Some authors suggested the existence of functional interactions between thyroid hormones, catecholamine receptors, and the immune system. The hypothesis postulating interrelation between the sympathetic system and thyroid hormones by means of the α- and β- adrenergic receptors (ARs) has been formulated [24]. We may suppose that excessive production of catecholamines as in our second case could induce thyroiditis via immune dysregulation.
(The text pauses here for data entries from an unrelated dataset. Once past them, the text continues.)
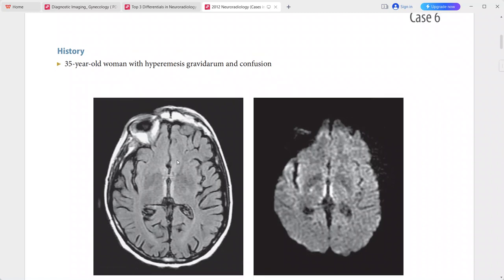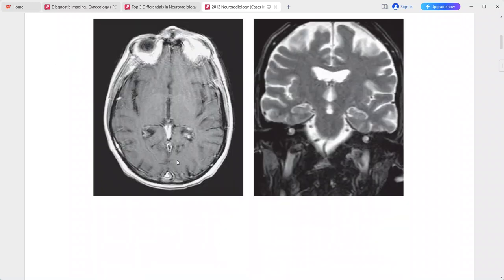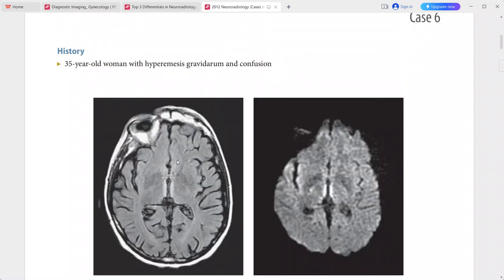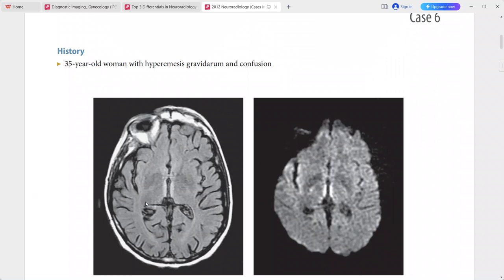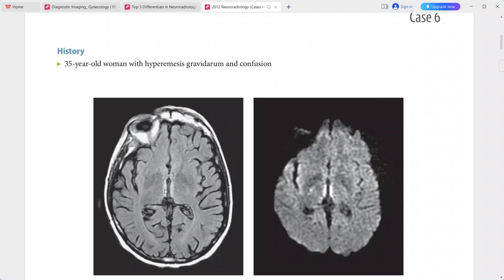Next case: 35-year-old woman with hyperemesis gravidarum and confusion. The FLAIR sequence shows hyperintense signal in the bilateral medial thalami along the walls of the third ventricle.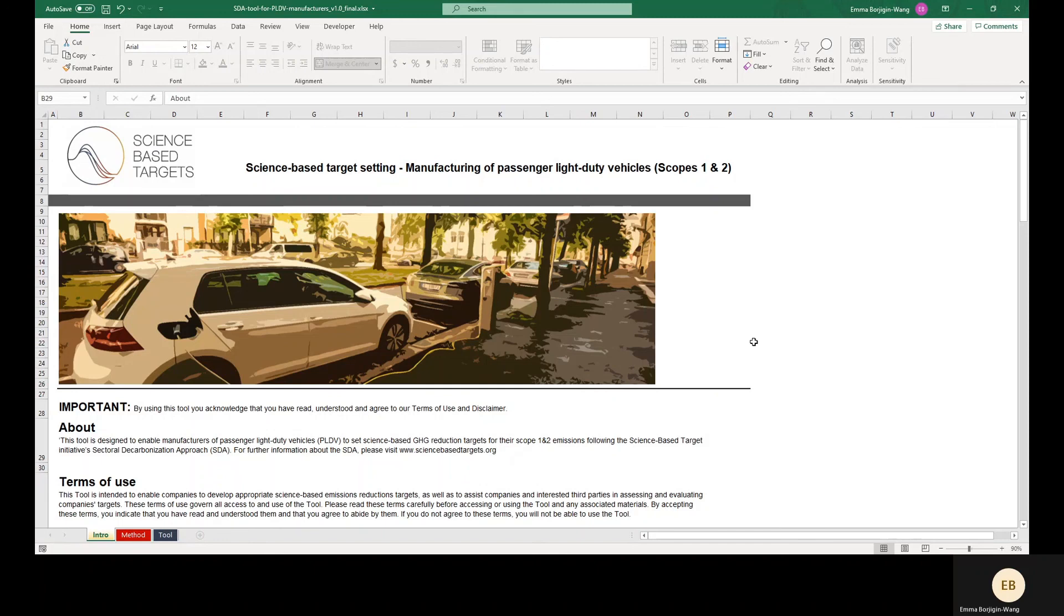Consult the SBTI website at sciencebasedtargets.org for more information about ongoing development of sectoral tools and target setting methods. We hope this demonstration helps with your target setting journey and we look forward to receiving your target submission soon.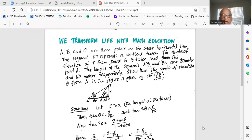A, B and C are three points on the same horizontal line. The segment CT represents a vertical tower, so it is at 90 degrees — the segment CT is at 90 degrees to the segment AC.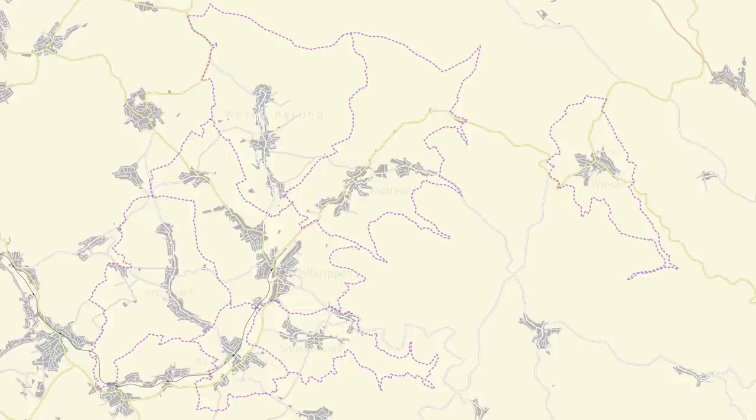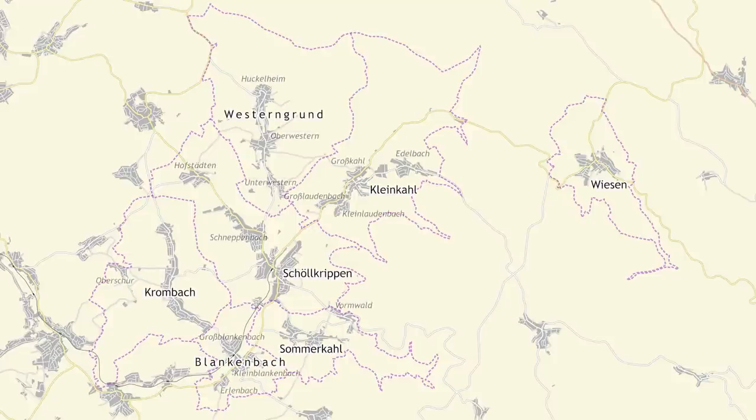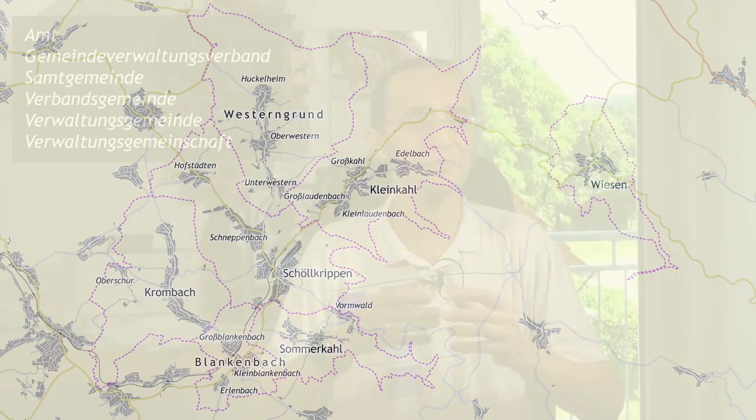If a municipality can't do that on its own, it can join with other municipalities and form an administrative community. Here is a map of the Schöhlkrippen administrative community. There are different expressions for this in different states, but they all describe roughly the same thing. All the municipalities still have their own mayors and their own councils, but they centralize a lot of the routine administration. And that is basically it — German municipalities in a nutshell.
Indeed, changes in peripheral lymphocyte subsets, with an increase in CD4+ and CD8+ T cells, have been observed in patients with active subacute thyroiditis [25]. Action of catecholamines is likely to be mediated via β2-ARs located on the antigen presenting cells and T helper 1 (Th1) cells [26]. Activation of the β2-ARs leads to inhibition of the cellular immune response and activation of T helper 2 (Th2) cell–mediated humoral immunity, thus disrupting the Th1/ Th2 balance (Figure 4). Th1 cytokines, such as interferon-c (INFc), and Th1-inducing cytokines, such as IL-12, are involved in the pathogenesis of various organ-specific autoimmune diseases [27,28].
Conclusion
concomitant auto-immune endocrinopathies should be considered in the context of both adrenal GN and pheochromocytoma. In addition, these tumors may present atypical and non-specific symptomatology. Our two cases underline these particularities. Further research and new molecular and genetic investigations are needed to fully understand the pathology of GN and pheochromocytoma and their association with auto-immune endocrinopathies, Addison’s disease and Hashimoto’s disease.